This wonderful set of B & W photos in this piece from the NYT Lens blog http://lens.blogs.nytimes.com/2012/07/13/surplus-and-solitude-in-the-breadbasket/. makes me ask the question. I just hope something that comes out of my camera can have the power, heart, and zen silence that George Tames's photos have.
 
Simple answer, not trying to be snappish, "work harder, edit more."

I shoot about the same number of exposures with digital as I used to at the height of my film shooting days. But I've become a much better editor in recent years. Through editing you learn how to see what you're making photographs of, it helps focus your work.

Whether your work becomes timeless and reknowned is a matter of luck and how much promotion you put into it. Whether your work becomes satisfying and enriches your life, and delights the audience you want to talk to, depends on how much effort and energy you put into it.
 
Sure "we" do. George's photos were a result of capturing light, subject matter and ones own personal vision. It still happens today.
We can all take a stroll down memory lane and look at excellent black and white images from the past but that will take us only so far.
I'm by no means pro-digital but I do find the digital black & white thread on this very forum proof that the power of black & white imagery is alive and well in 2012. I hope to contribute an image to marvel at - in the meantime, I have a great hobby to learn and grow with.
 
Thanks for the thoughtful comments. Ilove this (and the photographs) from Larry Towell's Tumbler.


"I just don’t shoot digital. I won’t. I like film. Photographers today have to compete. If a picture is six hours old, it’s too old to use. If you look at the coverage of the tsunami you can go on to any of the websites and there’s a catalogue there of 400 photographs all taken in the past 30 minutes for you to look through. And none of them will stay with you. They’re just news pictures. They’re not even good news pictures.
They’re nothing — they don’t have any meaning. There’s no time put in them, no thinking that’s put into them and when there’s no time and no thinking put into still photography or into photojournalism what does that say?
I think that’s damaging, and I think it also it destroys the notion that photography is reflective, that it’s about history, that it’s about self-contemplation. And it’s all being replaced by a sort of philosophy of speed which is only of fleeting significance. I think the news is killing journalism."
 
The world is changing. Photography is changing with it. I'm tired of hearing how everything from the past was better and had more meaning. Things change, it's up to you to make the best of them.
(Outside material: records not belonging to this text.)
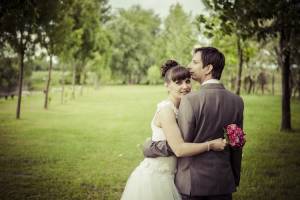 wedding győr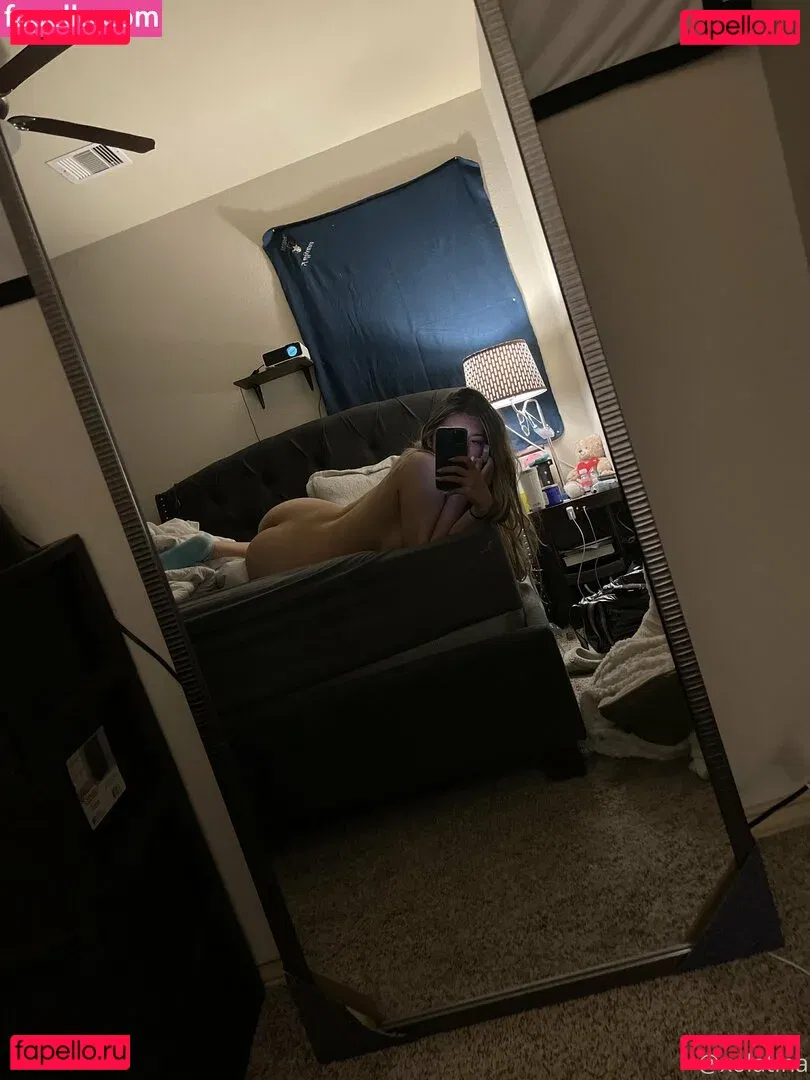 xolatina Onlyfans Photo Gallery 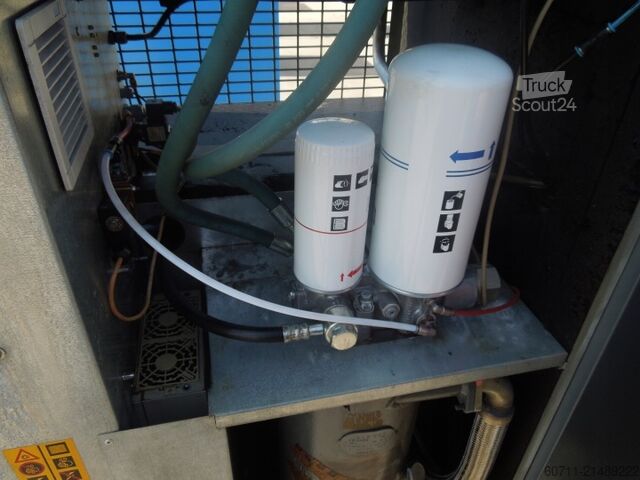 Car Selection CSG GmbH Fredersdorf Car Selection CSG GmbH Fredersdorf Car Selection CSG GmbH Fredersdorf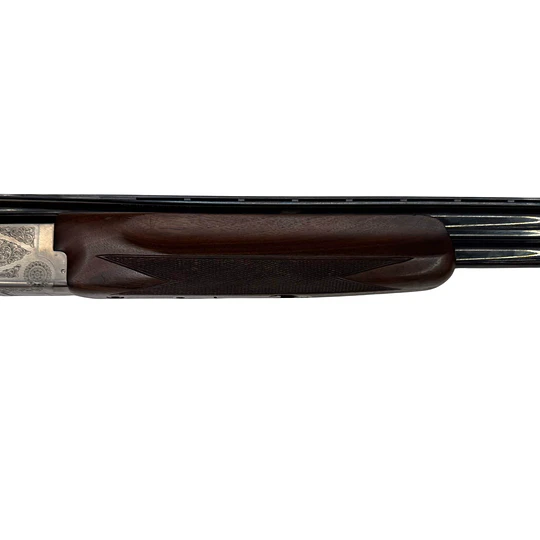 Miroku MK-38 Trap cal.12 76cm - Image 4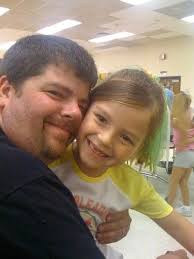 Profile for In Memory Of Wilbur Karl Leach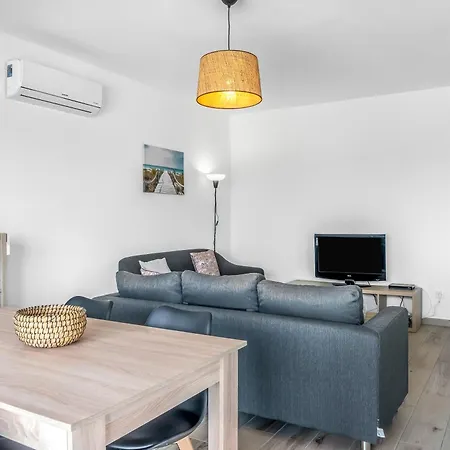 Apartamento Campo E Praia Aljezur Exterior photo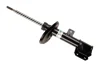 Амортизатор (передній) Citroen Berlingo/Peugeot Partner 08- (L) (B4) BILSTEIN 22-226716 (фото 1)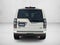 2016 Land Rover LR4 4WD 4dr HSE *Ltd Avail*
We took plenty of horrible photos 20 years ago, we just didn't have such an easy avenue to display them.

If anything is killing journalism it's the 24 hour news channels, not digital photography or camera phones.
 
Michael --
Some of the answers you've been given (work harder! etc) are pat. Sure, work harder, get better. And there is something in the "time" argument. The George Tames photos from the 1950s are medium format -- 6x6 it looks like, unless he just happened to crop them all square which, being a news photographer, he would not have. MF is traveling light by the standards of those days: a lot of papers and magazines still required their photographers to use the Speed Graphics and other 4x5 view cameras out there. In any case he was likely using a Rolleiflex or Hasselblad or something very close -- folding rangefinder 6x6 (most were 6x7 or 6x9 in any case) outfits were generally not a newsman's choice. Now, those cameras gave you the image backwards. They require very careful composition. And not only did he know how to compose a picture, each of them handles the light, which is quite powerful, flawlessly. Is he using filters? probably not. In any case he knew his film and his camera and the exposures are perfect (with help from a superb lab, I might add; the NYT lab was not as good as Time-Life's but it was pretty damn good). So you can work your ass off but if you don't actually learn these technical skills, you're out of luck. I'm a dumbass photographer. I take a lot of pictures. I am forty rolls behind in processing them. Do I take notes? No. I look at a picture that really works and do I know what the hell I did? Not likely. I haven't learned to slow down and think. Take notes. As a journalist he had to take notes for all those photos so they could be properly identified and used. Time. thought. Look at picture 15 in the Tames lineup. You think he just happened upon that? Look at the lighting! He'd have needed a set of full blown studio lights to do that on his own. He saw the light and saw the man and put him there -- no way the guy was just standing perfectly lighted waiting for a New York Times photographer to walk by.... that is a great photograph.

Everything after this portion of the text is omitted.